Но я не последовала совету друга. Вместо этого я провела большую часть этих двух лет в совершенно другом мире. Возвращаясь в Англию физически, я все равно в действительности была не здесь. Во все постоянно вмешивались российские приоритеты, российские разговоры, российский образ мыслей и мировосприятие. В этом заключается одно из удовольствий занятия устной историей: прошлое возражает вам, спорит с вами, поправляет вас. Ее воздействие особенно сильно ощущается в России, потому что советское прошлое – а точнее сказать, уцелевшие его свидетели, которые обсуждали его со мной, – дерзит и перечит вам на необычайно прямолинейном, откровенном, уверенном в себе языке. Это прошлое помнит иную систему ценностей, возможно (это подразумевается, а иногда и прямо постулируется), более совершенную; и оно смотрит в лицо представителю западного мира со смесью теплоты, подозрительности и нравоучительной непоколебимости. Наследие жизней, проведенных в закрытом мире, в мире, который всеми доступными средствами провозглашал самому себе свое коллективное моральное предназначение, до сих пор влияет на многое из того, что говорят люди. Это наследие также окрасило основную задачу индивида: как быть человеком – и в каждом отдельном случае помогло сформулировать индивидуальную реакцию на горе и утрату.
Свидетельства, собранные мной, зачастую противоречат друг другу – люди вообще могут противоречить самим себе внутри одной фразы, – а многие говорили совсем другие вещи, когда я брала у них интервью во второй раз или находила кого-то еще, кто мог бы поговорить с ними позже и совершенно иначе. Но сквозь все эти разговоры проглядывали некая общая тема и определенное самоощущение, которые трудно воспроизвести на английском языке, не говоря уже о том, чтобы превратить их в некое умозаключение. Проблема не только в переводе с языка на язык, но и в том, чтобы передать черноту и мрак российского XX века и те немыслимые страдания, которые испытали граждане этой страны и которым нет равных в недавней истории моего собственного общества. Причем сделать это необходимо так, чтобы одновременно воздать должное жизненной силе этих людей, их ощущению собственной правоты, их достоинству.
Я пыталась говорить обо всем этом во время приездов домой, выступать время от времени с докладами на конференциях или готовить черновики глав будущей книги для обсуждения. Однако очень скоро я поняла, что в Кембридже или Лондоне трудно обсуждать странность всего того, что я узнала, по крайней мере до тех пор, пока этот материал остается сырым, пока все неровности и шероховатости, все незнакомое и режущее слух не будет сглажено временем, – на самом деле, до тех пор, пока я понемногу не начну забывать.
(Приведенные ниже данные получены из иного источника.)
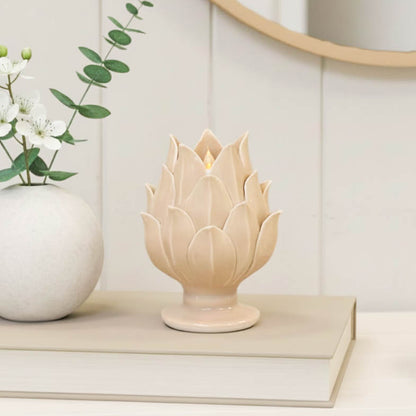 Natural Artichoke Tealight Holder Ornament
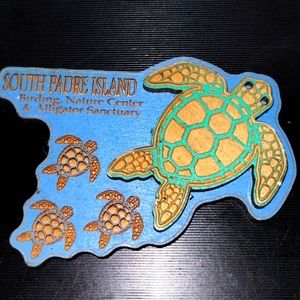South Padre Island vintage wooden magnet handmade, remember where you've…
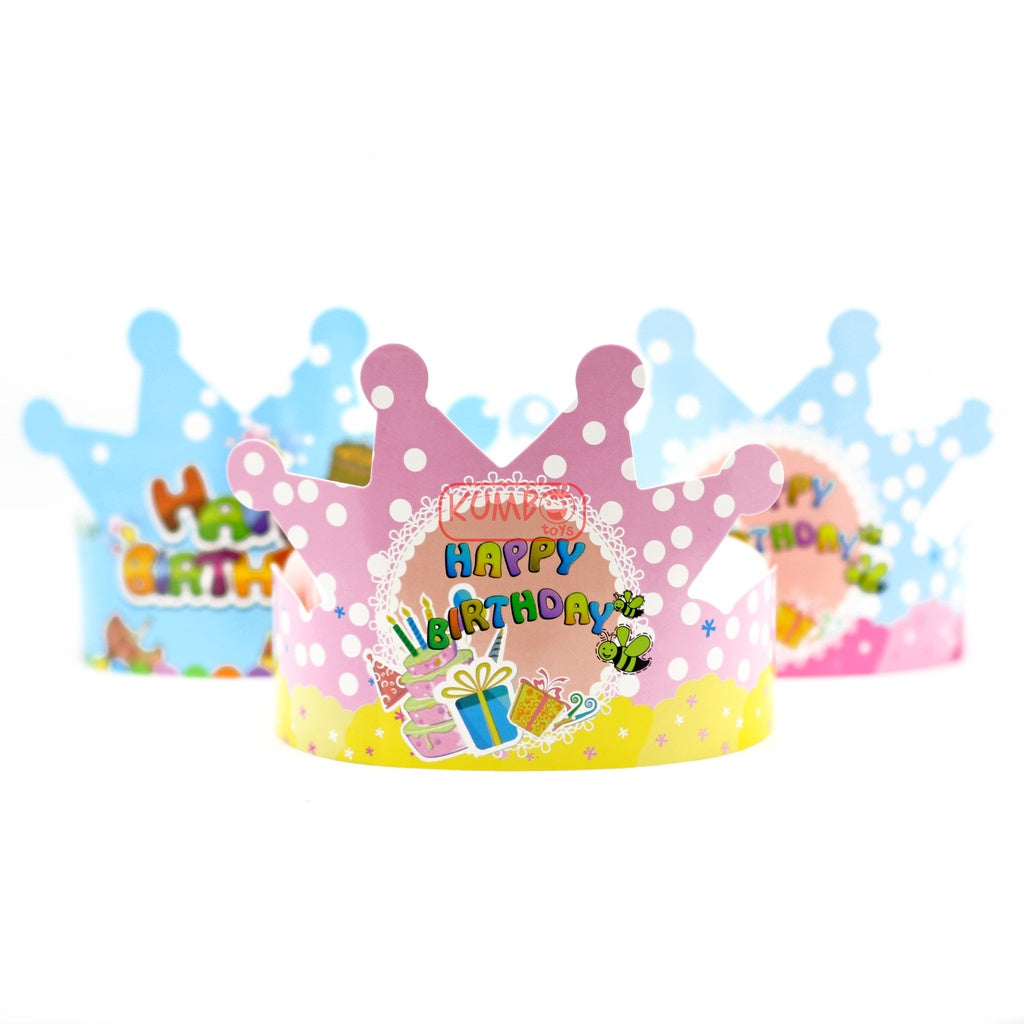 Topi Ulang Tahun Lingkar Mahkota Happy Birthday Crown Glossy Dekorasi Pesta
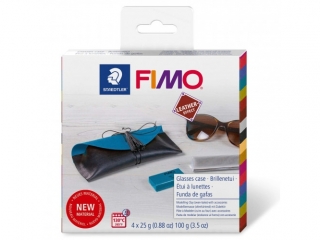 Zestaw FIMO effect leather, Etui, 4 kostki 25g + akcesoria, Staedtler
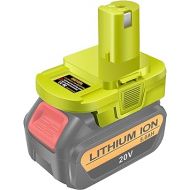 DM18RL Battery Adapter for Dewalt to Ryobi Battery Adapter, Convert Dewalt 20V Llithium Battery to Ryobi 18V P107 P108 Battery with 5V 2.1A MAX USB Charge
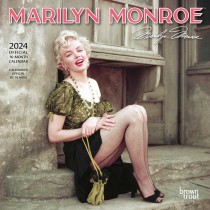 Marilyn Monroe OFFICIAL | 2024 7 x 14 Inch Monthly Mini Wall Calendar | English/French Bilingual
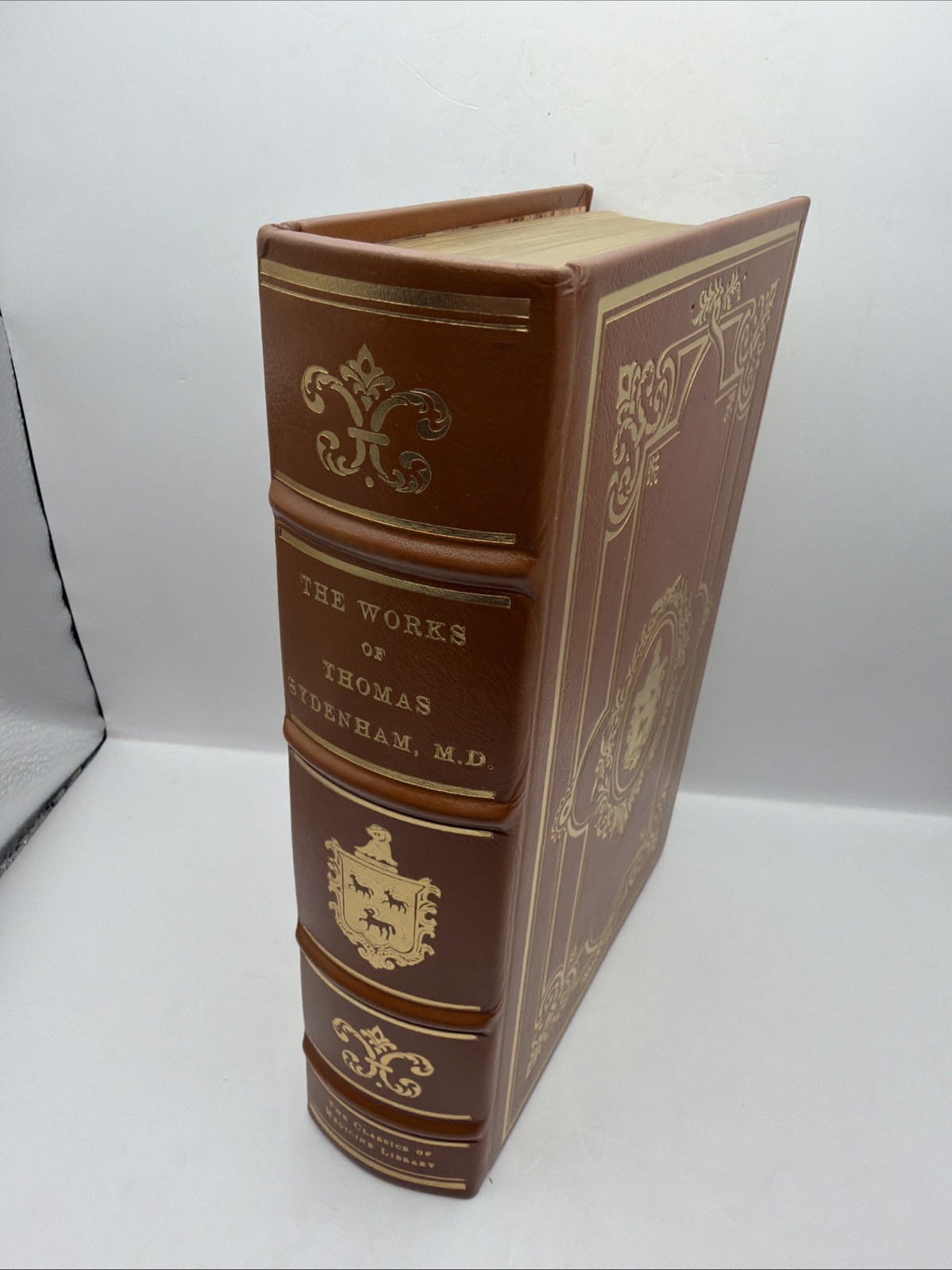 The Works of Thomas Sydenham M.D. The Classics of Medicine Library Leather Gold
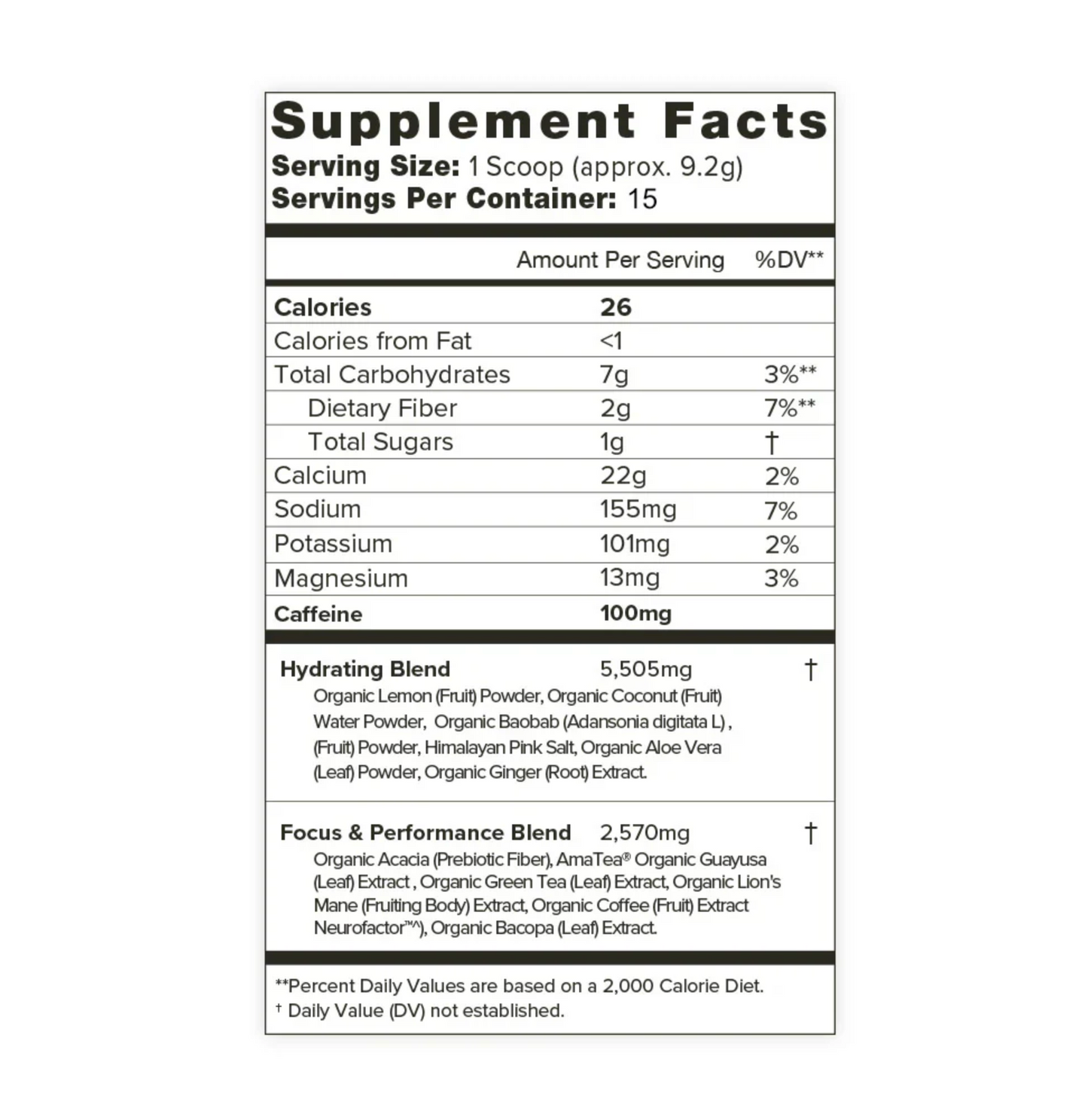 Pre Workout + Hydration Peak Power -15ct Travel Packs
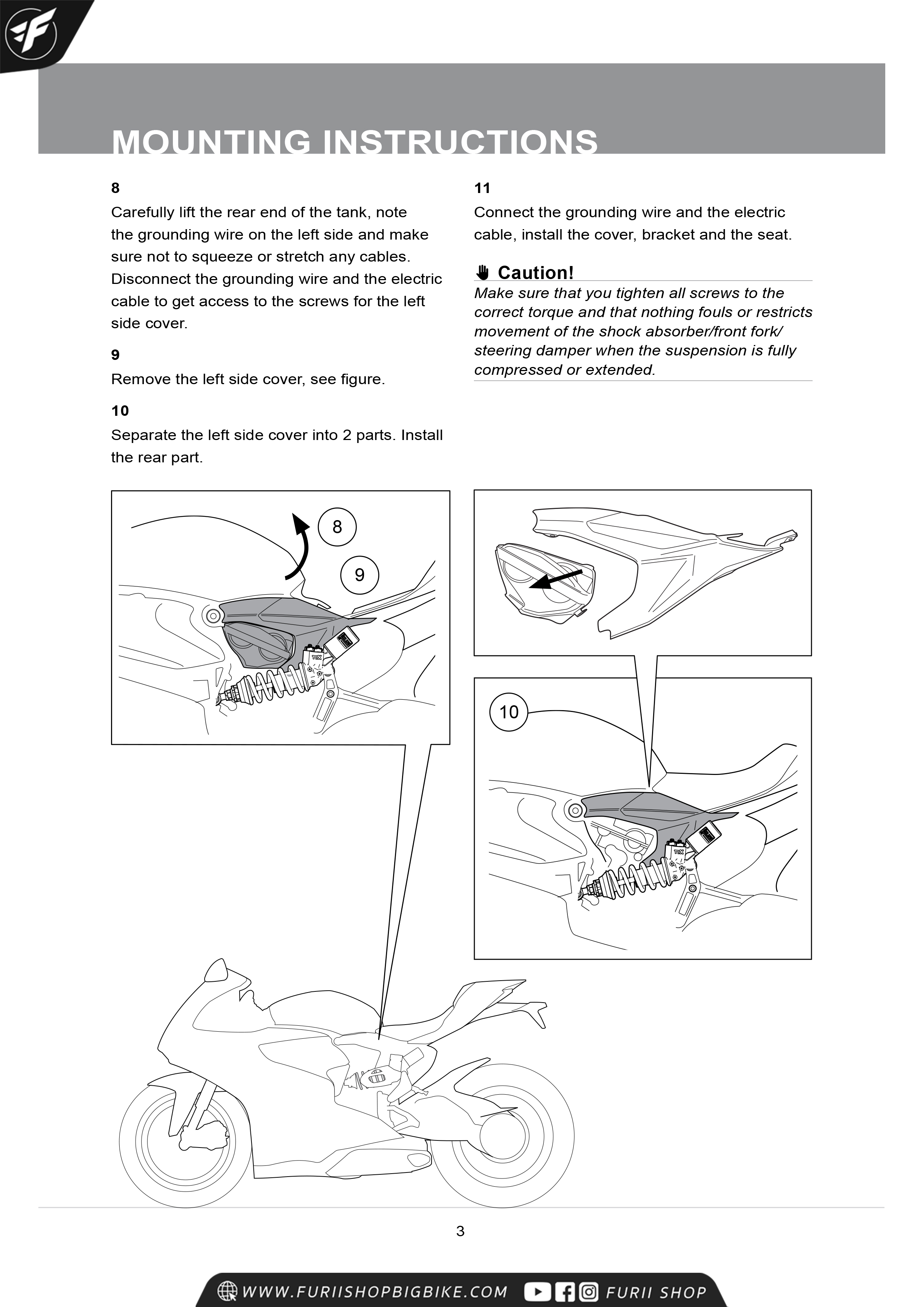 โช๊คหลัง OHLINS Sweden DU469 For Ducati Panigale 899, 959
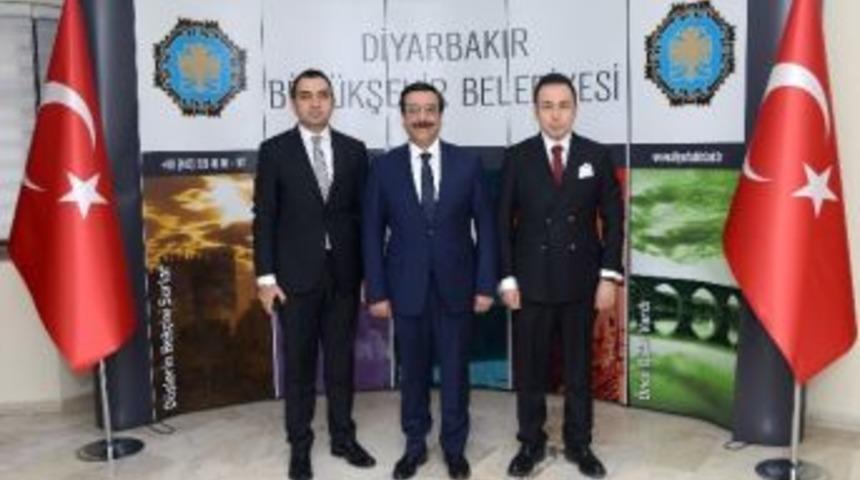 Silvan Ve Ergani&rsquo;den Başkan Atilla&rsquo;ya Ziyaret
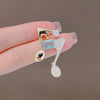 Women's Alloy Fashion Note Brooch Natural Style Electroplating Allmatch Accessories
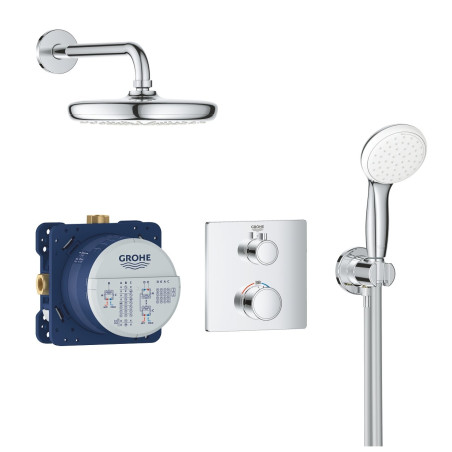 Dušas komplekti pirms sienas GROHE Grohtherm Tempesta 210, 34729000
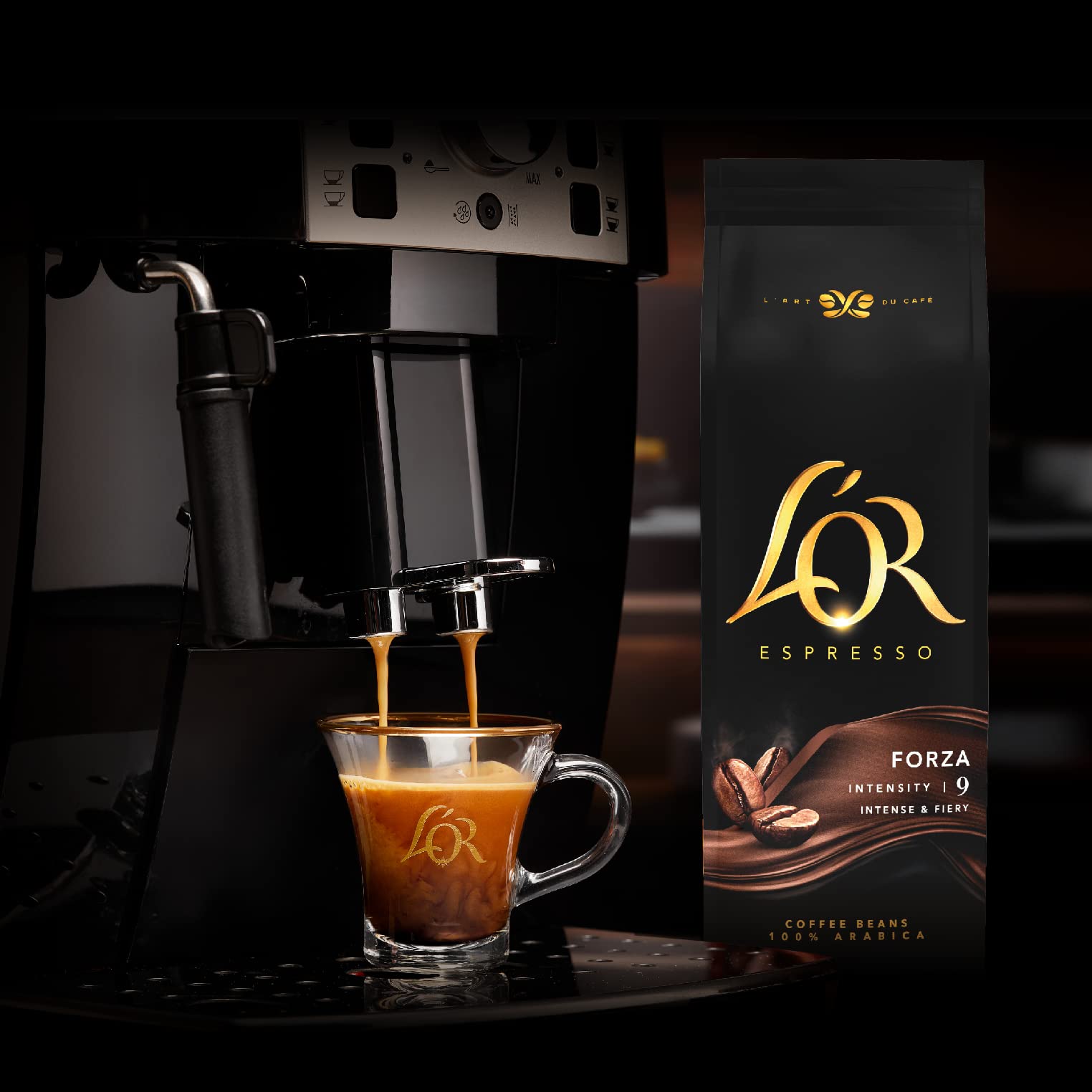 L'OR Espresso Forza Whole Roasted Coffee Beans - Intensity 9 | 500g | 100% Arabica 4
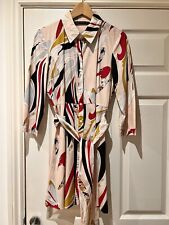 Women’s Zara Midi Dress Multi Coloured Size 10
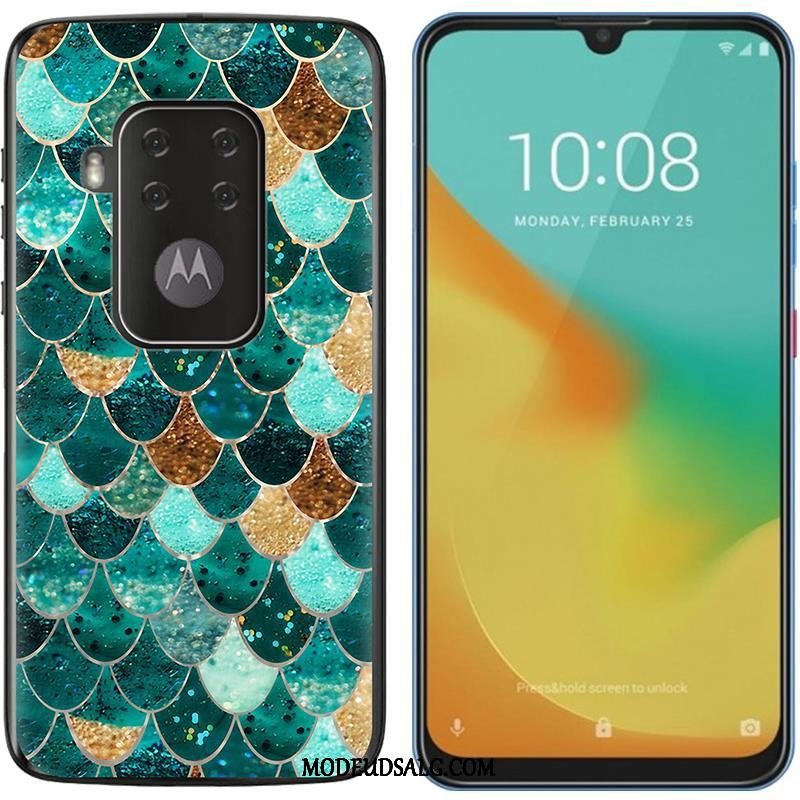 Motorola One Zoom Etui Lilla Salg Cover Blød Klud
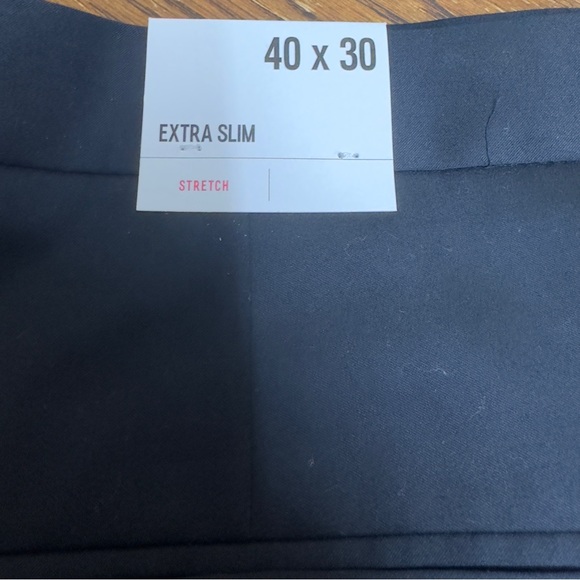 Express Men’s Black Dress pants 40x30 extra slim - Picture 2 of 3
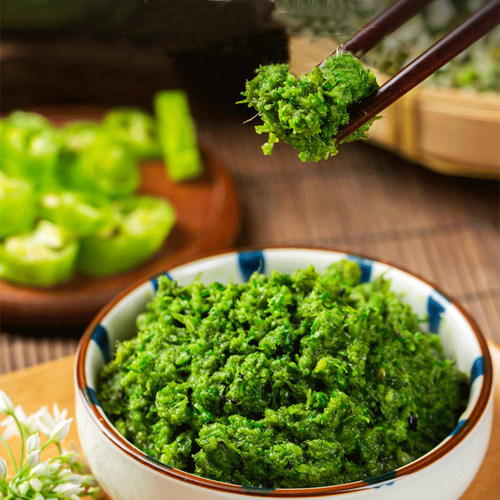 内蒙古野生韭菜花酱内蒙古草原自制农家特产下饭菜火锅蘸料 - 图2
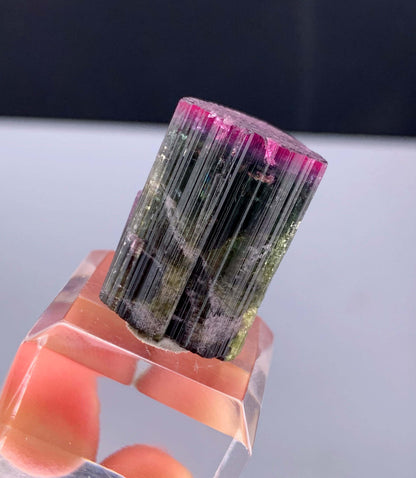 Bi-color Tourmaline Crystal From Afghanistan - 9 Grams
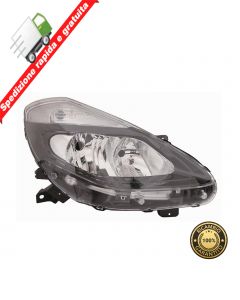 FARO PROIETTORE ANTERIORE DESTRO PARABOLA NERA - DX - RENAULT CLIO 09->12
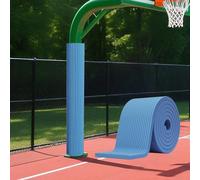 VOLDAX All-Weather Square Basketball Pole Padding Outdoor, Wrap Around Pole Pads to Protect Cars/Pipes UV-Resistant Waterproof Basketball Hoop Padding(Blue-2PCS,20 * 1cm/7.9 * 0.4in)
Типичная аудитория семинаров, которая в прошлом так прониклась идеей моего проекта, теперь, в эти первые несколько месяцев работы, пребывала в полном молчании. Люди неизменно вели себя вежливо, как обычно, но почти не задавали мне вопросов до тех пор, пока не подходило время сделать перерыв на ланч или пойти выпить пиво с коллегами. Возможно, все дело было в моем выборе стиля изложения, который порождал всеобщую неловкость. Исследованию полагается быть академичным, хладнокровным и невозмутимым. Никто не ожидал, что я буду рассказывать свою историю абсолютно бесстрастно, однако были моменты, когда единственным живым, жизненным чувством, которое я могла передать своим слушателям, была грусть. Пересказанная эмоция обладает гипнотическим свойством, а в горе других людей есть что-то, что лишает нас самих дара речи, заставляя оцепенеть. Оно может сделать невозможной формальную интеллектуальную критику и недопустимым образом задушить вопросы. Об этом после лекции о коллективизации мне напомнила группа студентов, которые оказались смелее моих коллег. Выбранный остальными на эту роль представитель группы спросил меня: “А разве вы не должны быть более отстраненной? Мы хотим знать, не слишком ли вы идентифицируете себя со своим материалом? Разве история не должна быть объективной?”